Even with a $1.4 billion fortune, Tyler Perry isn’t handing out freebies—especially not to family.
On the July 20 episode of Den of Kings, hosted by Kirk Franklin and featuring guests Jeezy and Derrick Haynes, Perry opened up about keeping things real when it comes to hiring loved ones. Around the 17-minute mark, he revealed he once had to fire his own aunt.
“She said she wanted a job. She would always call asking for money. I said, ‘Okay,’ I would send her the money,” Perry shared. “I [was] like, ‘Listen, I want to help you. I want to help you build this thing, not be welfare to you. So, let me give you a job.’”
But Perry’s aunt didn’t take the opportunity seriously. According to the Straw director, she often skipped work. “’Okay, well you gotta go,’” he recalled telling her. “You want me to hand you the money but you don’t want to work for it. See, that doesn’t work for me.”
That same mindset applies to how he’s raising his 10-year-old son, Aman. Perry said his son has to “do chores” and “work” for what he wants, explaining, “I don’t believe in giving us things that are just going to handicap us. That is the worst thing you can do.”
Following the death of his mother, Willie Maxine Perry, in 2009, Perry gave his family a 60-day warning to get “gainfully employed.”
“‘Because I’m not going to keep supporting you like this,’” he told them. He added that they “all got jobs.”

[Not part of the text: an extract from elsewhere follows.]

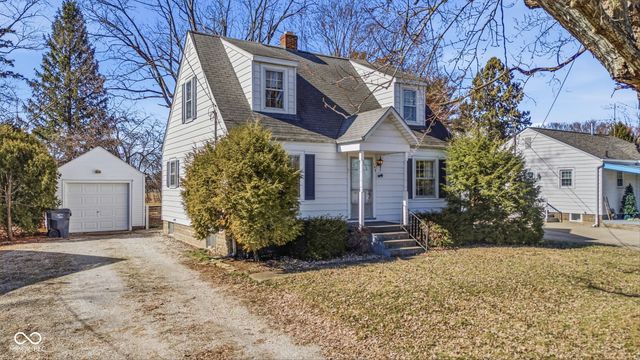 127 Nursery Road, Anderson, IN 46012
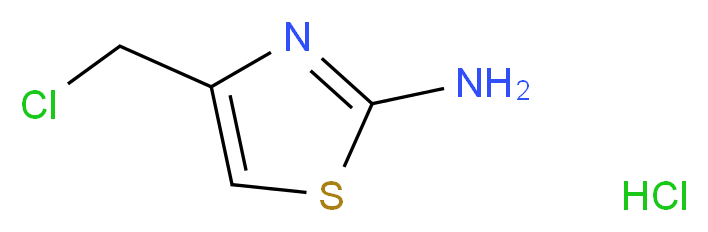 CAS_59608-97-8 molecular structure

“It wasn’t even jobs where they’re making a lot of money, but it was a job,” he continued. “It was something else for them to do to feel some pride in. That’s the same thing I would want somebody to do for me.”
Perry also shared that some family members have gotten “mad” at him for not giving them a million dollars and warned Derrick Hayes during the roundtable to watch out for relatives trying to take financial advantage.
He’s spoken about his no-handouts parenting style before—telling Sherri Shepherd last December that Aman only gets “books and Legos” as gifts and flies coach.